Any idea how to get all content?


Solution

  • Overview

    In a comment the OP clarified which texts he was missing in his extracted text:

    Basically for all descriptions on the left-hand side (e.g. Lifting moment) I get whitespaces instead of the actual text.

    The reason for this is fairly simple: In the page content there are only spaces (if anything at all) on most of the left side. The labels you see actually are read-only form fields.

    For example the "Lifting moment" is the value of the form field 13B141032.

    If you want text extraction to include these fields, too, you should consider flattening the document in a first step (moving the field appearances into the regular page content stream) and extracting text from this flattened document.

    Document analysis

    It looks like the major part of the internationalization of the specification labels has been done using form fields.

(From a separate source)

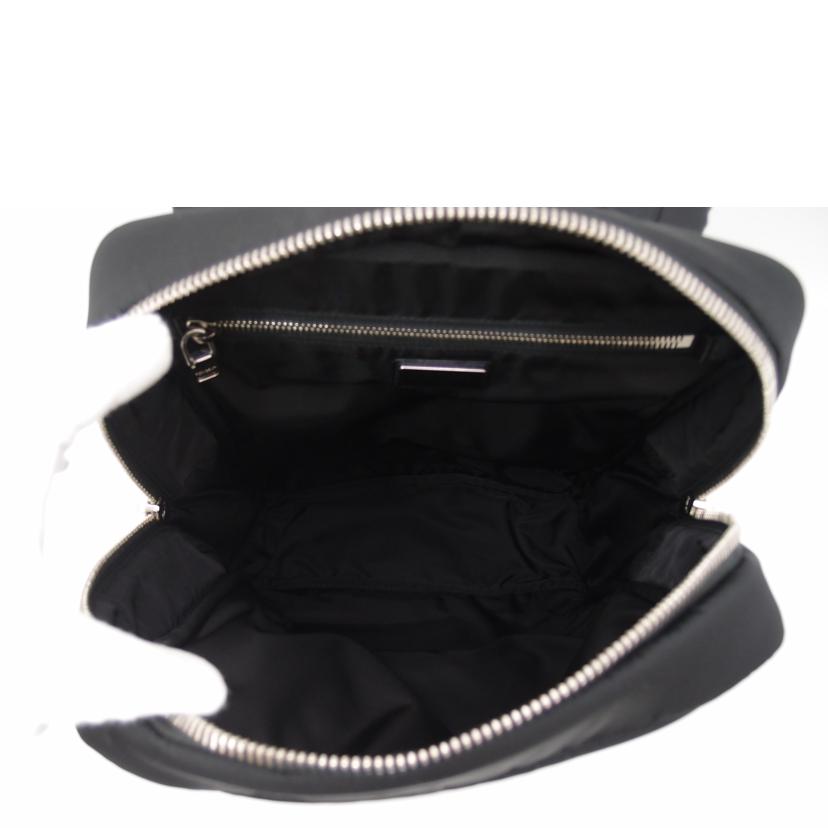 PRADA/ナイロンバックパック/ブラック/2VZ043//253/SAランク/69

    For an overview I separated the original document

    original document

    into its regular page content

    page content

    and the form fields

    page fields

    There indeed are several strings of spaces in the page content under the form fields.

    I would assume that there once was an earlier version of that document (or a template for it) which contained those labels (maybe in only one language or probably two) as page content.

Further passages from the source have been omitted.